TASK.
In your copy, include every record exactly and no pictures.

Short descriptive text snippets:
....

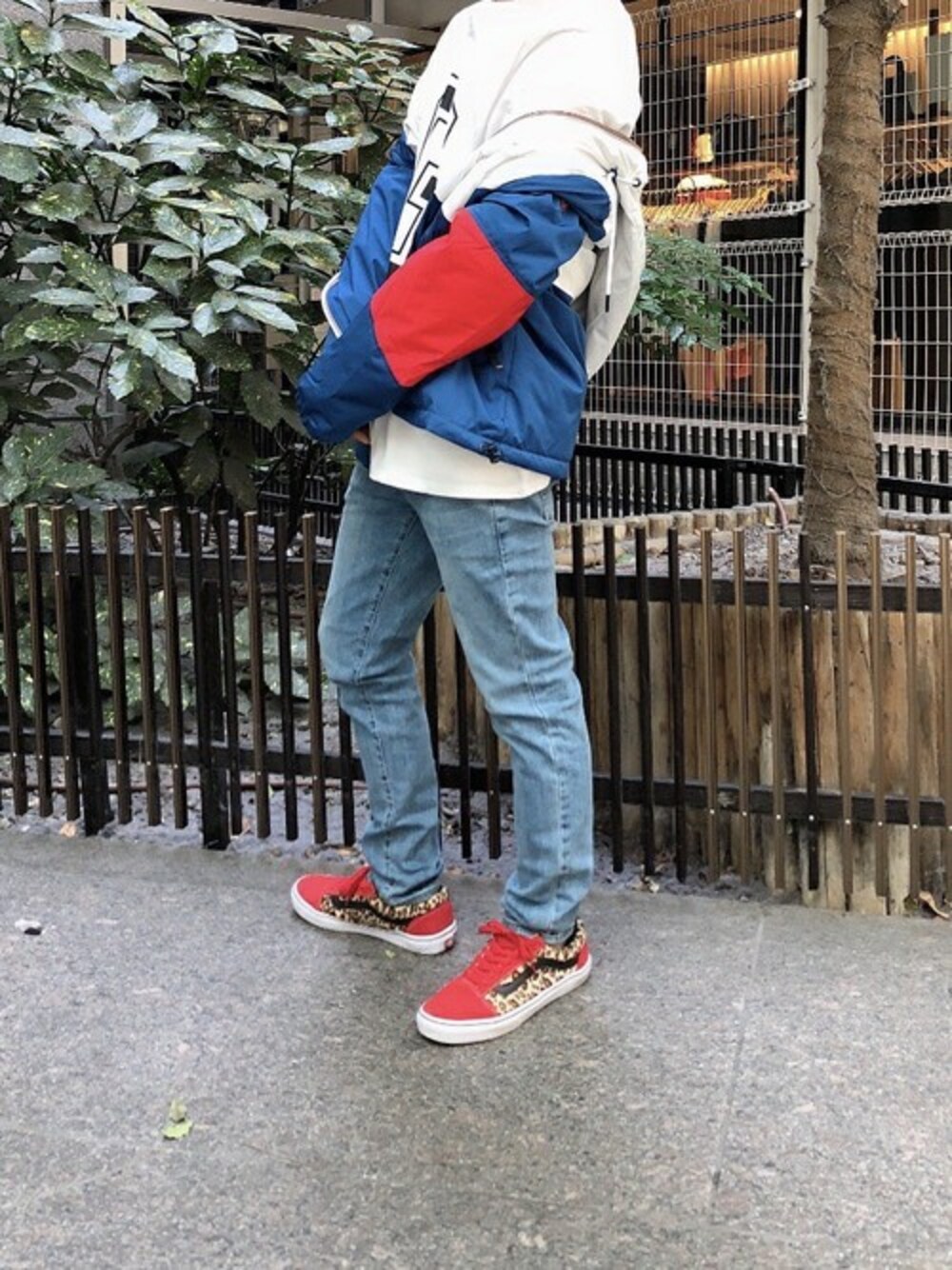 その他のその他アウター、ホワイト系のTシャツ/カットソー、ブルー系のデニムパンツを着用したメンズの秋コーディネートの1枚目の写真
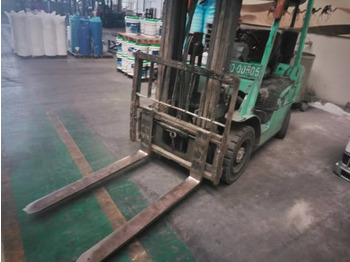 Dieseltruck Mitsubishi FD 25: bilde 3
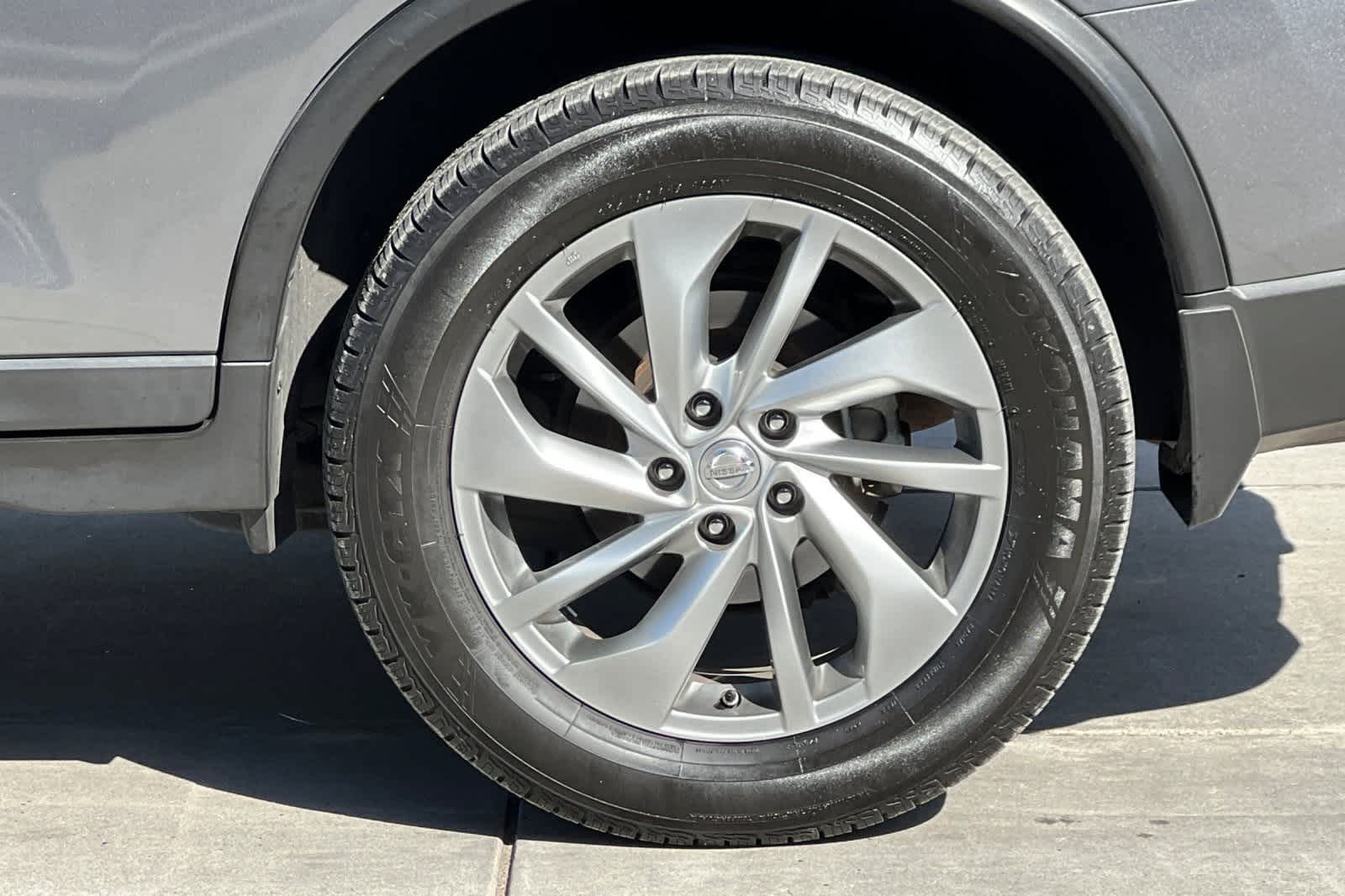 Thumbnail: 2014 Nissan Rogue - 29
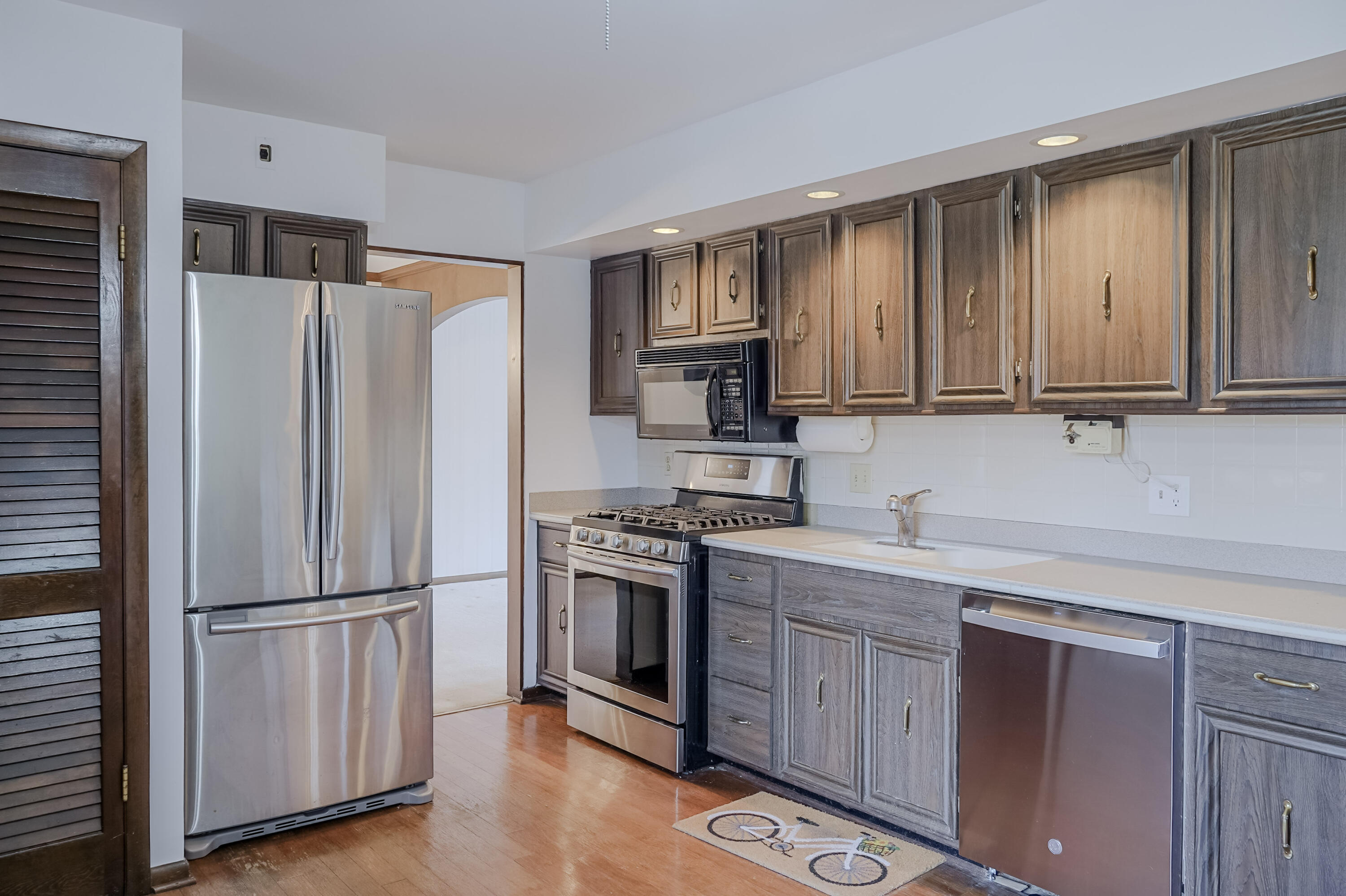 1407 Oriole Drive
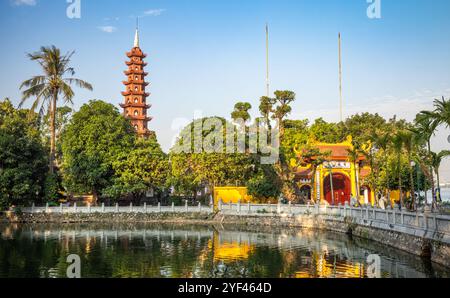 Lo stupa alto 15 metri conosciuto come Bao Thap, o Bao Tower, e l'ingresso alla Pagoda Tran Quoc sul Lago Occidentale, Hanoi, Vietnam. La pagoda risale al Th Foto Stock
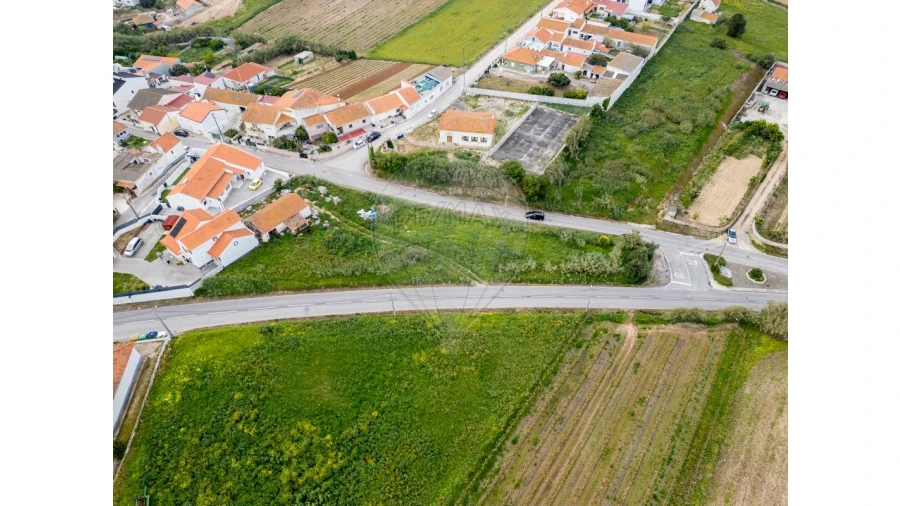 Terreno para Venda em Ventosa Foto 2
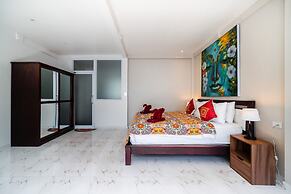 Crystal Bay Beach Resort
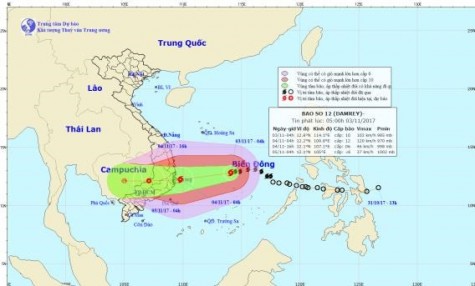 Bão số 12 tiếp tục mạnh lên, mưa lớn từ Quảng Trị đến Bình Thuận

....

EXPECTED ANSWER.
 その他のその他アウター、ホワイト系のTシャツ/カットソー、ブルー系のデニムパンツを着用したメンズの秋コーディネートの1枚目の写真
 Dieseltruck Mitsubishi FD 25: bilde 3
 Thumbnail: 2014 Nissan Rogue - 29
 1407 Oriole Drive
 Lo stupa alto 15 metri conosciuto come Bao Thap, o Bao Tower, e l'ingresso alla Pagoda Tran Quoc sul Lago Occidentale, Hanoi, Vietnam. La pagoda risale al Th Foto Stock
 Terreno para Venda em Ventosa Foto 2
 Crystal Bay Beach Resort
 Bão số 12 tiếp tục mạnh lên, mưa lớn từ Quảng Trị đến Bình Thuận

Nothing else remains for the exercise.